The Microsoft Corp. Xbox One video game console was revealed during the E3 Electronic Entertainment Expo in Los Angeles, Calif., on June 11, 2013.

Two months ago, Microsoft announced its most aggressive Xbox launch ever, the simultaneous release of the new Xbox One in 21 countries on four continents. Too good to be true? Yes, as it turns out.

Microsoft overestimated both its ability to produce enough machines, and the time needed to translate and add local content to the Xbox dashboard, television apps and voice controls. The company said yesterday in a blog post that it's delaying the rollout in eight European countries, including Russia, Belgium and Denmark. The change allows Microsoft to prioritize bigger gaming centers like the U.S., U.K., Australia, Brazil and Germany.

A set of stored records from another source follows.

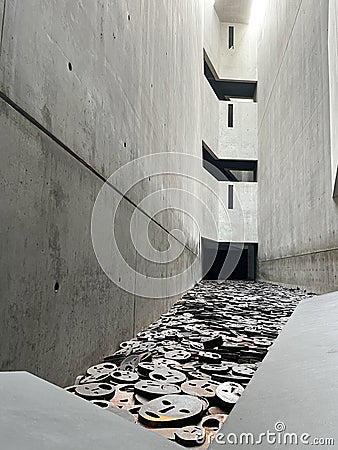 fallen faces from the installation in memory at the Jewish Museum in Berlin, Germany Editorial Stock Photo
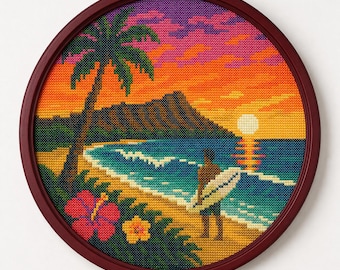 Schema per punto croce Diamond Head Hawaii in PDF – Paesaggio costiero con tramonto tropicale, surfisti e palme.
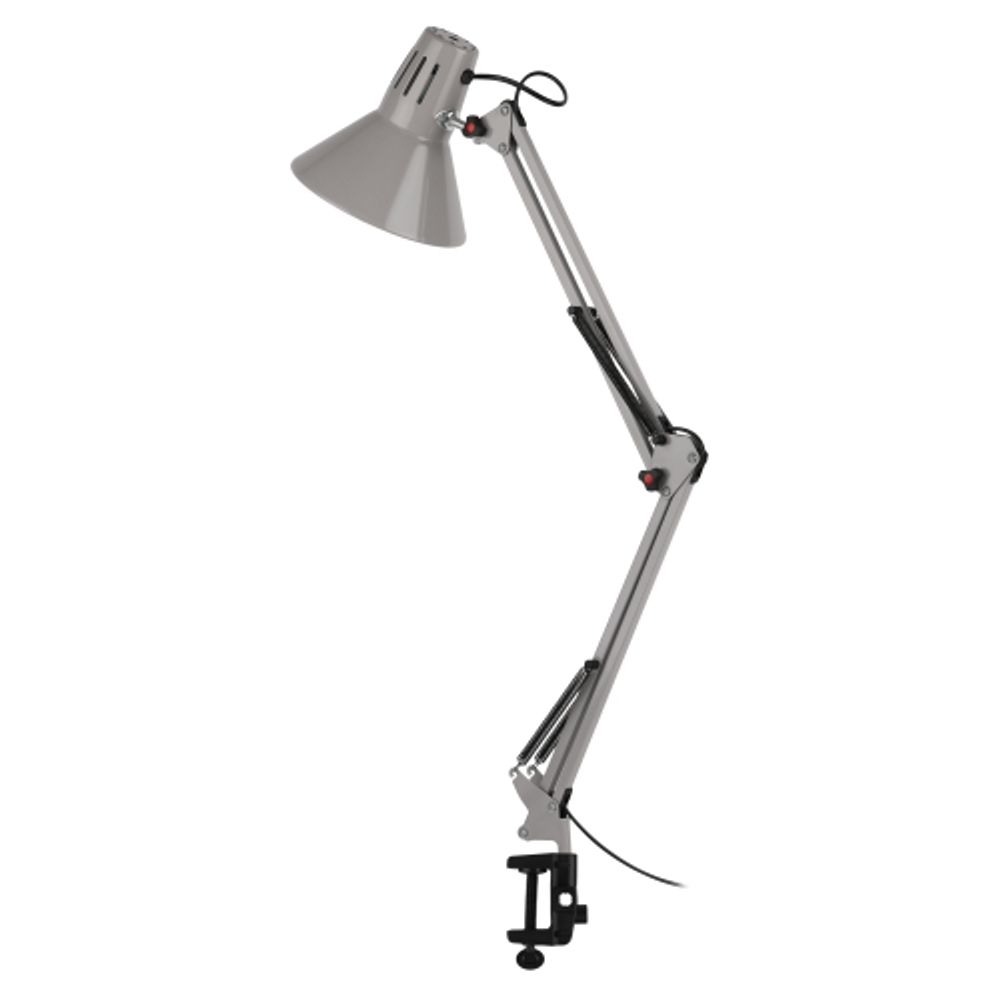 Настольный светильник ЭРА N-121-E27-40W-GY Е27 на струбцине серый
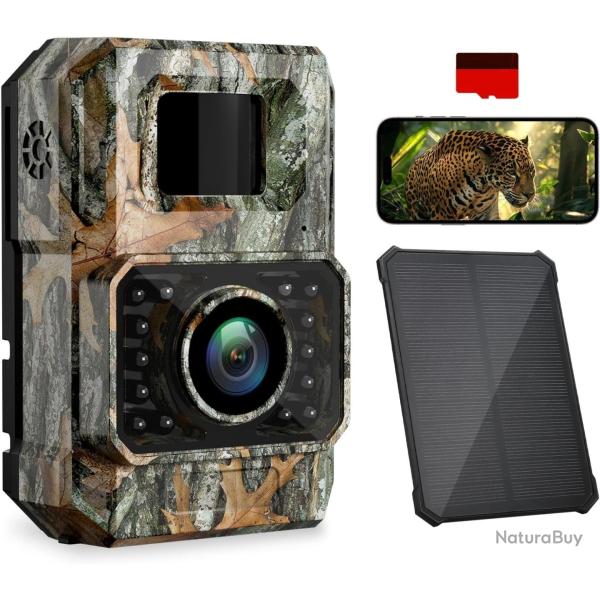Camra de Chasse Solaire 60MP 30FPS WiFi Batterie 2000mAh Vision Nocturne Carte SD32 Go tanche IP66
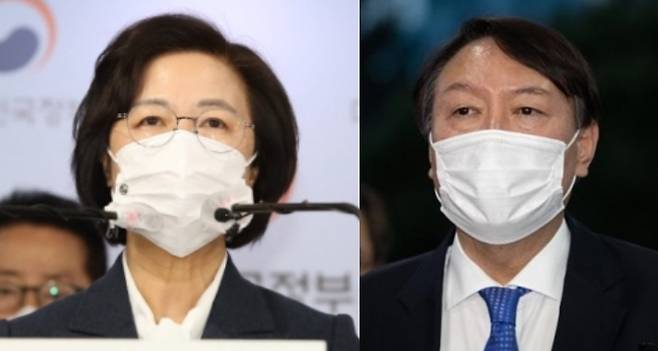 추미애 법무부 장관, 윤석열 검찰총장 - 서울신문DB·뉴스1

Even without those eight markets, the remaining 13 countries will still make the new console's November release the biggest Xbox launch. The original Xbox's November 2001 debut was a North America-only affair. The 360 was released in November 2005, initially in the U.S. and Canada, with Europe and Japan following the next month.

Microsoft is promising Xbox One consoles to the eight countries it's leaving out "as soon as possible in 2014." Customers who pre-ordered special first-day models of the Xbox One will get a free game as a consolation prize.

The snafu is the latest in a summer of reversals and public-relations cleanup attempts by Microsoft's Xbox unit. Since officially unveiling the console in May, the group has been trying to undo unpopular policies, like limits on used games and Internet connectivity requirements. Maybe now Microsoft can get back to telling customers what the Xbox One can do instead of what it won't.